Наряду с этими наблюдениями, носящими более или менее общий характер, встает вторая проблема: каким учениям, каким авторитетам следует Боэций как христианский мыслитель? Ибо этот момент особенно интересен в случае Боэция: будучи философом, Боэций не «обращается в христианство» в своих богословских трактатах, ибо он не воспроизводит в них ни учение Оригена, ни учение Каппадокийцев, но следует, в первую очередь, современным ему аристотелизму и неоплатонизму. Однако его мысль не замыкается исключительно на этих философских течениях: и он сам указывает нам на это, заявляя в предисловии к своему трактату «О Святой Троице», что он является последователем Августина.
А потому в этом контексте мы хотели бы возобновить наши рассуждения об августинизме Боэция, то есть еще раз подвергнуть рассмотрению ту тематику, о которой мы только что говорили, а именно — тематику «приобщения к Богу». Ибо нам кажется, что тема приобщения, хотя она и не трактовалась Августином с той прозрачной ясностью, с которой её обсуждает Боэций, но так или иначе уже присутствовала в основных чертах в произведениях епископа Иппонского, благодаря общему для обоих авторов неоплатоническому образованию западного типа. А потому давайте обратимся только к самому знаменитому богословскому сочинению Боэция, открыто посвященному тринитарному учению, поскольку мы, разумеется, не можем претендовать — в этом контексте — на отражение всей совокупности данных, которыми мы и не располагаем в полноте; в любом случае, можно выдвинуть гипотезу, согласно которой обращение Боэция к Августину в «О Святой Троице» есть своего рода ответ на «О Троице» Августина. Уже отмечалось, что Августин установил тождество между bonum и esse. В «Буквальном толковании на Книгу Бытия» писатель полемизирует с еретиками (ими с большой долей вероятности были манихеи), которые, впав в соблазн по злой воле дьявола, стремились освободить от проявлений этой злой воли творение верховного и истинного Бога, закрепив её за другим началом, противоположным Богу, а именно — за началом зла. Еретики, действительно, не способны понять, что «всё, что существует, в силу того, что оно есть некая субстанция, является благим и не может происходить от чего–либо другого, чем от истинного Бога, от которого происходит всякое благо» (XI 13).
Зло, напротив, имеет своей причиной злую волю, которая противопоставляет вещи низшие вещам высшим, грубо нарушая тем самым упорядоченность мира. Итак, зло не является субстанциальным, но есть следствие грубого нарушения порядка.

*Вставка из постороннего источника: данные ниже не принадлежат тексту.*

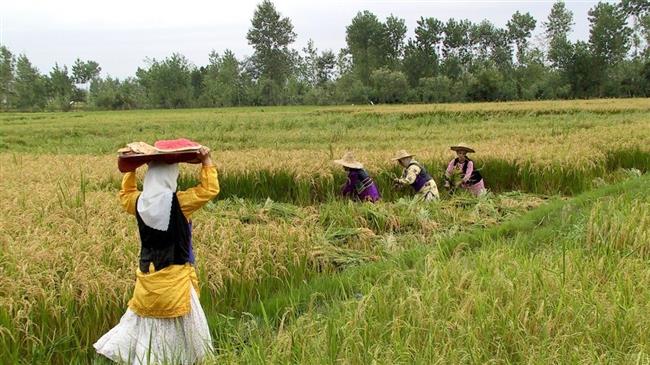 Agricultura de Irán: tradición y vida rural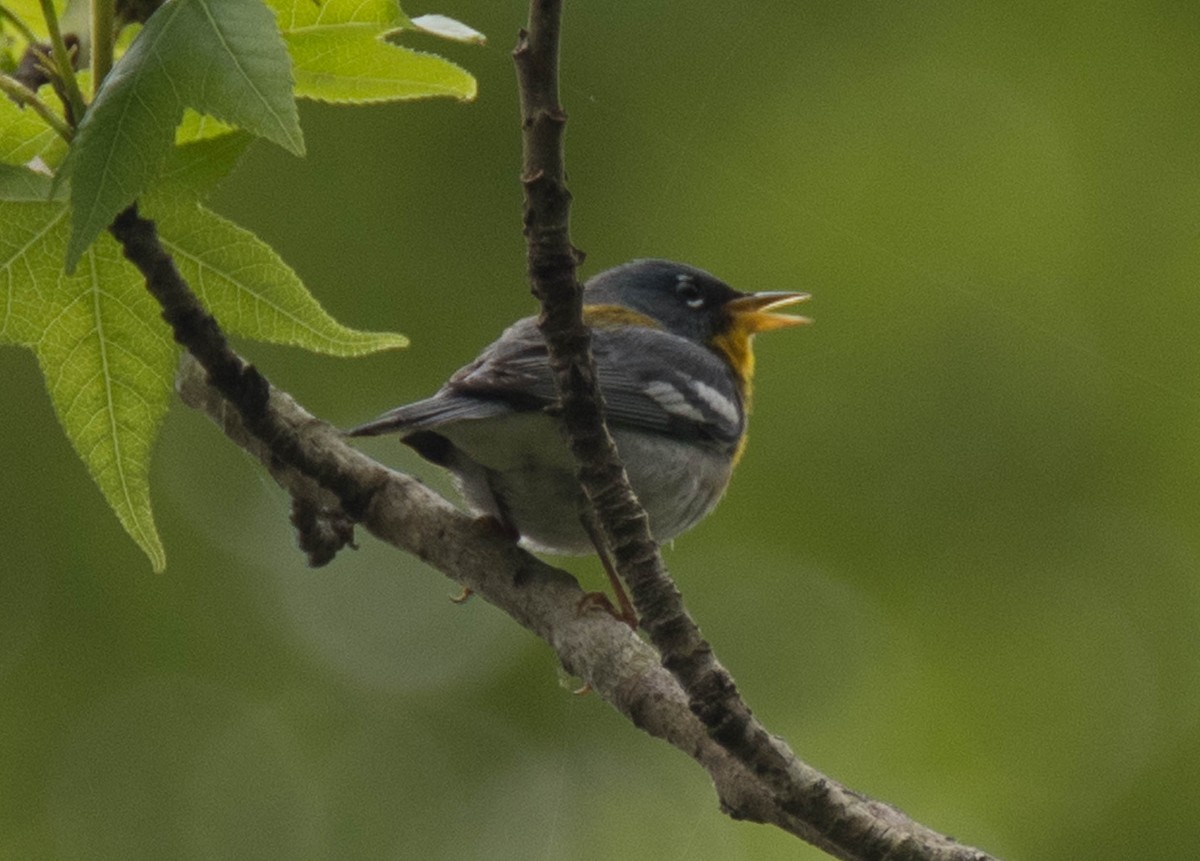 Northern Parula - Jordan Broadhead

Знаменитым является также место «О Троице», VIII 3, 4, в котором Августин предается лирическому описанию благости вещей, на разных ступенях бытия. Благими являются все вещи, но (и этот момент очень важен), отрешись от единичных проявлений блага и попытайся увидеть благо в самом себе: таким образом ты узришь Бога, Который благ не по причине того, что благой является какая–то иная благая вещь, но Он Сам есть то благое, что заключено в каждой благой вещи. Это же повторит Боэций в описании, фиксируемом в «Утешении философией»: наряду с единичными и ограниченными благами наличествует, в качестве формы и потенции блага, summum bопит (это — технический язык неоплатонизма, который Боэций присовокупляет к манере высказываться Августина). Августин утверждает также следующее («О Троице», XI 5, 8):
«Итак, великая вещь, поскольку она есть вещь благая, постольку и обладает, несомненно, определенным подобием, пусть и весьма ослабленным, с высшим Благом».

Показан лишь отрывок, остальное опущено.